Hello,
I am using a Nuvoton M2351 for my research. I am running into a very weird issue. I am trying to get some portions of FreeRTOS to run inside the secure domain. I am using the EventRecorder API to time sections of the code (EventStartA and EventStopA). The processor is set at 12 MHz core clock and I am building the code without any optimizations enabled. While timing a simple for loop (which increments a value) running 1000 times in the secure domain, I log around 2ms. The exact same loop, when implemented in a non-secure function and called from the secure domain, takes 2.9 ms. This is nearly a 1.5X increase in runtime. Considering the function call overhead across domains is around 20-30 instructions, this is extremely high. Am I doing something wrong to cause this? Does the processor frequency change when switching? I can't make any sense of this behavior. Any help would be appreciated.
Thank you
The time difference may be possible for S/NS domains.

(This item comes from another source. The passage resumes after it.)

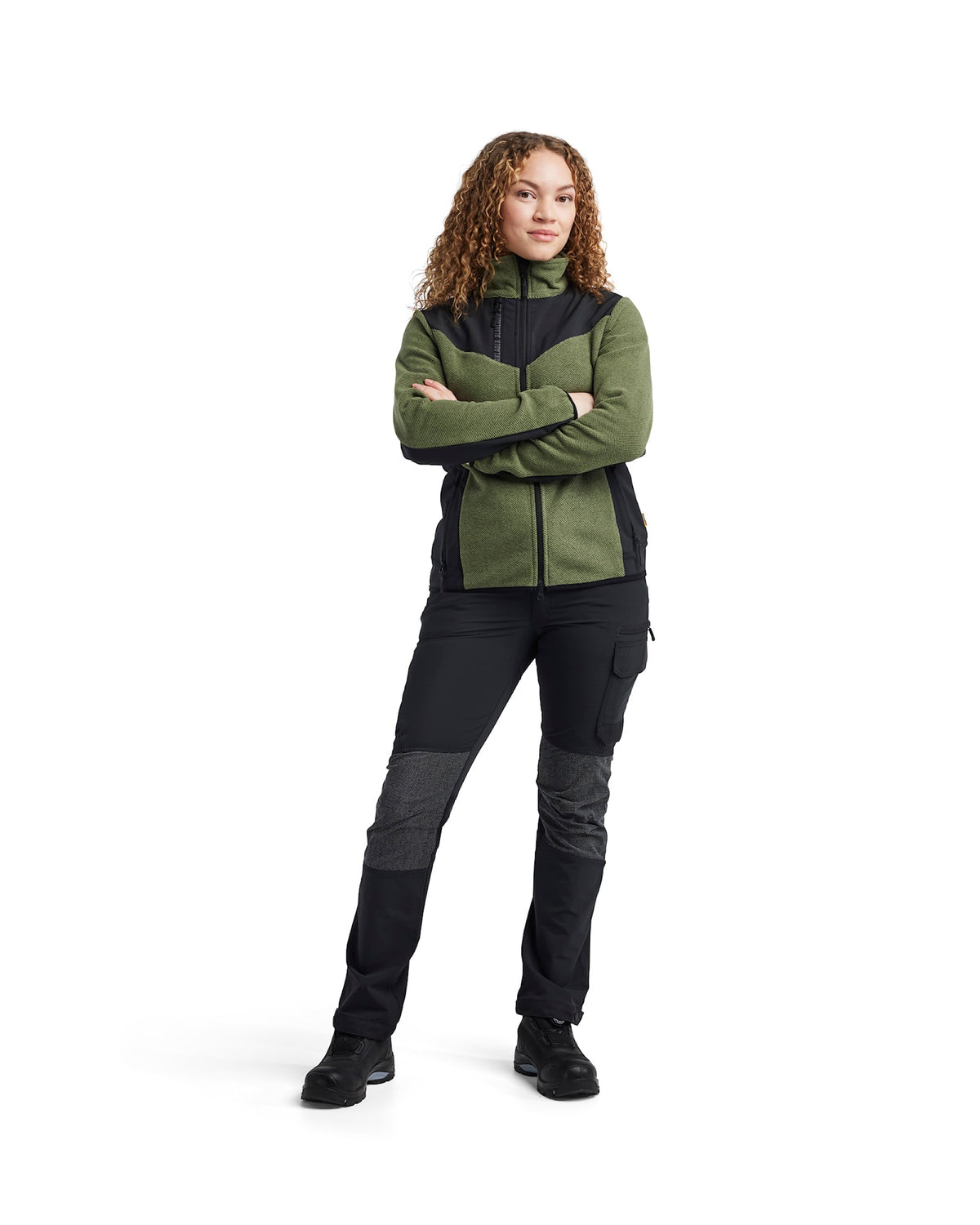 Blåkläder Damen 5943 Strickjacke – herbstgrün/schwarz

I googled the Nuvoton M2351 data sheet and it is based on Cortex-M23. Please refer to this M2351 SoC component chart:
- https://www.nuvoton.com/export/sites/nuvoton/images/Microcontrollers/Figure1-3_M2351-Series-TrustZone-Architecture_small.png
In your benchmark, the secure and non-secure code will read different memory regions? Per the M2351 chart, different memory regions may have different timing paths.
<quote>
While timing a simple for loop (which increments a value) running 1000 times in the secure domain, I log around 2ms. The exact same loop, when implemented in a non-secure function and called from the secure domain, takes 2.9 ms.
</quote>
I am not sure what is your benchmark goal. If the benchmark code is implemented in NS function and called from Secure domain, it needs an additional world switch ( secure-> non-secure -> secure ); while it is not for the benchmark code implemented in Secure domain and called from Secure domain.
Hello!
Thank you for your response. Yes, the two pieces of code read 2 different memory regions. While the diagram you present is helpful, can you elaborate on the difference in timing path? I don't see why I would see a 50% difference in execution time. Also, the measurements I reported were after taking into consideration the overhead of the world switch.
Thanks
I'm afraid that we cannot comment on the external memory outside of Arm Processor.